L’impact de l’agriculture biologique critiqué
Les chercheurs de l’EPRS s’attaquent également au dogme de la valeur écologique de l’agriculture biologique, qui selon eux ne serait pas si favorable à l’environnement qu’elle le prétend. « Au niveau des exploitations, toutes les méta-études scientifiques indiquent que l’augmentation de la biodiversité est plutôt marginale, mais qu’au niveau mondial, la biodiversité diminuera considérablement, l’agriculture biologique étant environ 25% moins productive que l’agriculture conventionnelle. Cela implique que pour nourrir 11 milliards de personnes, il faut plus de terres aux dépens de la biodiversité. »Le rapport reconnaît toutefois qu’au niveau de l’impact des PPPs sur la population et l’environnement « des améliorations considérables sont toujours possibles », même s’il y a déjà eu « beaucoup de progrès ». Davantage que la réduction des produits utilisés, qui, comme le répètent les chercheurs, « n’est réaliste que lorsque le risque de baisse de rendement ou de qualité alimentaire est acceptable pour l’agriculteur », ce sont des innovations qui pourraient amener cette amélioration de l’agriculture conventionnelle. « L’agriculture de précision, y compris la télédétection avec des véhicules aériens sans pilote, peut également contribuer à une application plus ciblée et à une réduction de l’utilisation des PPP, note le rapport. Une contribution importante proviendra également de la sélection de variétés plus résistantes, à la fois par sélection classique et par de nouvelles techniques de sélection (NBT, « New Breeding Techniques »), telles que la sélection par mutation de précision. » Des solutions controversées, mais que l’EPRS estime inévitables, en particulier pour les NBT qui pourraient s’imposer là où les OGM ont échoué.

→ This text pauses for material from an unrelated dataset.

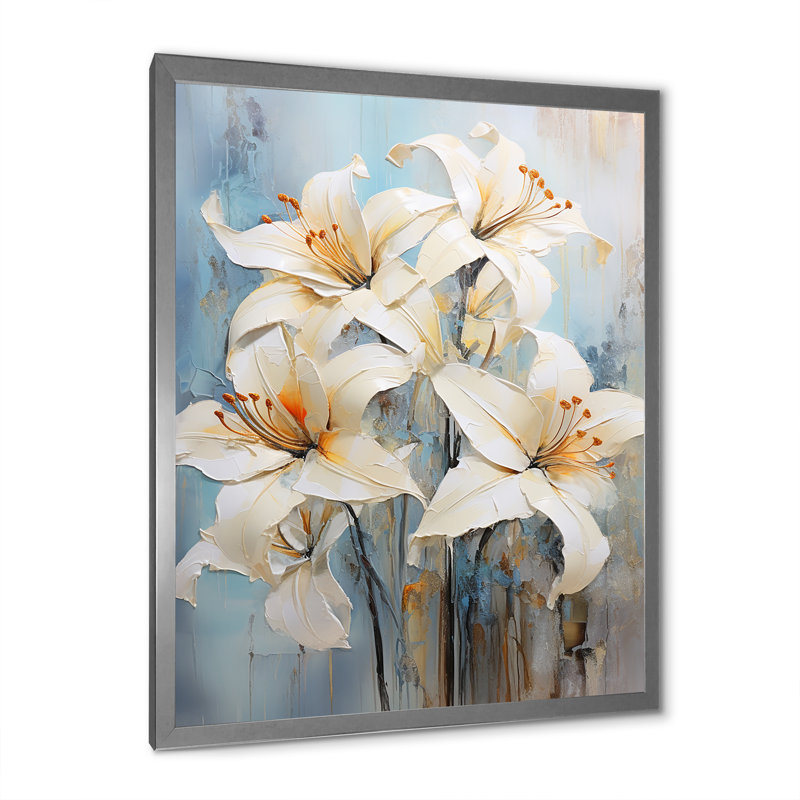 «Dreamy Serenade Of Lilies VI», reproduction sur toile, Cadre simple argenté, H 32 po x l 24 po x P 1 po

Les conclusions du rapport, au nombre de quinze, achèvent de dresser un portrait favorable de l’utilisation des PPPs, qui permettent par exemple de baisser les prix des produits sains : sans cela, « les classes de revenus inférieurs se tourneraient vers des nourritures moins chères et malsaines ». Alors, pourquoi tant de haine ? Pourquoi en arrive-t-on à une situation où « la perception du risque des PPPs par le grand public est diamétralement opposée à sa classification par les scientifiques », alors même que « les PPPs font partie des composants les mieux étudiés de nos vies » ? Les chercheurs le reconnaissent : « les scientifiques sont considérés moins neutres qu’on pourrait l’attendre. Des intervenants sont catégorisés comme idéologisés et d’autres suspectés de travailler pour des ONGs ou l’industrie chimique. Les leaders d’opinion neutres sont toutefois nécessaires, car le pire qui puisse arriver serait que les gens croient que les évaluations des risques sont arbitraires et que leurs résultats dépendent de ceux qui les paient. » Comme les agriculteurs, les scientifiques et industriels ont un train de retard dans la bataille pour l’image.